This is PART 2 of an excellent two-part series by Isabel Esterman on government securities: treasury bonds and bills, and other debt instruments sold by a government (including Egypt) to finance its borrowings. Here is Part 1.
This time we’re looking at the impact of relying on these financial instruments to cover borrowing needs.
We all know that Egypt is in really bad shape, but if you start paying attention to bond issuances and yields, you can watch (in horror) as this vicious circle of debt continues. As long as Egypt’s debt grows much faster than its economy, things are going to be rough.
As to how to solve this, one possible route is for Egypt to get its accounts in order, by cutting spending (restructuring energy and food subsidies is the obvious place to start) and raising revenues (increasing taxes, and possibly bringing military and ministerial funds into the treasury). Unless this is done very well, though, it’s hard to avoid hurting the vulnerable or angering the powerful, and it’s difficult to see how the current administration has the political capital to do either.

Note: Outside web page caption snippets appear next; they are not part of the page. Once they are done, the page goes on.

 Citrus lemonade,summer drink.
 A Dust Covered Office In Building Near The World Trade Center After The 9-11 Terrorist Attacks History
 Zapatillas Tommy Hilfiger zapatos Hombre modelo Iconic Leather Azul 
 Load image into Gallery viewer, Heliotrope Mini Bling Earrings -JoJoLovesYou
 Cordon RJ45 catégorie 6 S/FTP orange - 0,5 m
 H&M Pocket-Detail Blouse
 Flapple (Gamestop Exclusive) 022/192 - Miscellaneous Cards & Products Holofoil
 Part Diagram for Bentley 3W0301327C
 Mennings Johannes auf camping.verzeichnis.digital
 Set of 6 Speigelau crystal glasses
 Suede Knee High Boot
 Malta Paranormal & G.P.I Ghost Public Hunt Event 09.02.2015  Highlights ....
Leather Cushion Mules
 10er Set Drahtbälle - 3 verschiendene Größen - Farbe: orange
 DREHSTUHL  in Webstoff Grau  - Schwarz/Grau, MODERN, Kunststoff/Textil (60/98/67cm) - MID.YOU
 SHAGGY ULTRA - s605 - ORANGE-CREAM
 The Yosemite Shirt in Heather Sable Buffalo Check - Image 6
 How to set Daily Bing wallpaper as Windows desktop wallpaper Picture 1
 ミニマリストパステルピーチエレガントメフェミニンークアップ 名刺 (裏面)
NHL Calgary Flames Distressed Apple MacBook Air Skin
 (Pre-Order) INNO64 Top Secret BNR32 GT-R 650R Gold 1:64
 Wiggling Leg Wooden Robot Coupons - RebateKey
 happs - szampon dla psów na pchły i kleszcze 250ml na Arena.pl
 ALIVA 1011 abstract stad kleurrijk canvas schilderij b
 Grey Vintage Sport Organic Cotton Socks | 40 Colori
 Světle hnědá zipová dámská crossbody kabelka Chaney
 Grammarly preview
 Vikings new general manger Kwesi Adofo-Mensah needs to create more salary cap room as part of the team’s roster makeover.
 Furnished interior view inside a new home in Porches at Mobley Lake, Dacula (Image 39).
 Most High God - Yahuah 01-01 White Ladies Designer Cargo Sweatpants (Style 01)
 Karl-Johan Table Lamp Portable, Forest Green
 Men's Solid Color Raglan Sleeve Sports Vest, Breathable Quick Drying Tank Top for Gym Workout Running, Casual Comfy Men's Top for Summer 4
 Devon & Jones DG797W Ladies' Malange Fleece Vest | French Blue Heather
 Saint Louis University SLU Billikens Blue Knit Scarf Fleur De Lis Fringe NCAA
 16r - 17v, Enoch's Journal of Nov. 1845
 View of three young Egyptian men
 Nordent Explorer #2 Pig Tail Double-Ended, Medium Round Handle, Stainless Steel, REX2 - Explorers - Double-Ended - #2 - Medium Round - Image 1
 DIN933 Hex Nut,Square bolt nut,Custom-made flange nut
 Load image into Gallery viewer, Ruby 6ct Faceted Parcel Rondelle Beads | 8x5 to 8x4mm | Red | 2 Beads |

In theory, Egypt could also come up with a comprehensive stimulus plan, and convince lenders (domestic and foreign), that a big enough infusion of cash will get Egypt’s economy back in gear without the need to resort to austerity measures. For this to work, it would have to be a whole lot more detailed and credible than what we’re seeing come out of either the ruling party or the opposition.
Disclaimer: In the course of the research for this graphic, it was discovered that the proportion of government spending on debt servicing (to cover the repayment of interest and principal on a debt) was actually much larger than the figure extensively used in the media. It stood at 35.7% rather than the “25%” often quoted in mainstream media.
We have consulted bankers and financial analysts to confirm this, but there is still controversy over how it the figure should be calculated. It is a matter of terminology, so for number geeks out there, we have chosen to look at entries (sources below) for “interest” and “loan repayment” as a percentage of total budget outlay, rather than “interest” as a percentage of “expenditures”, which yields the more widely-cited figure of 25%.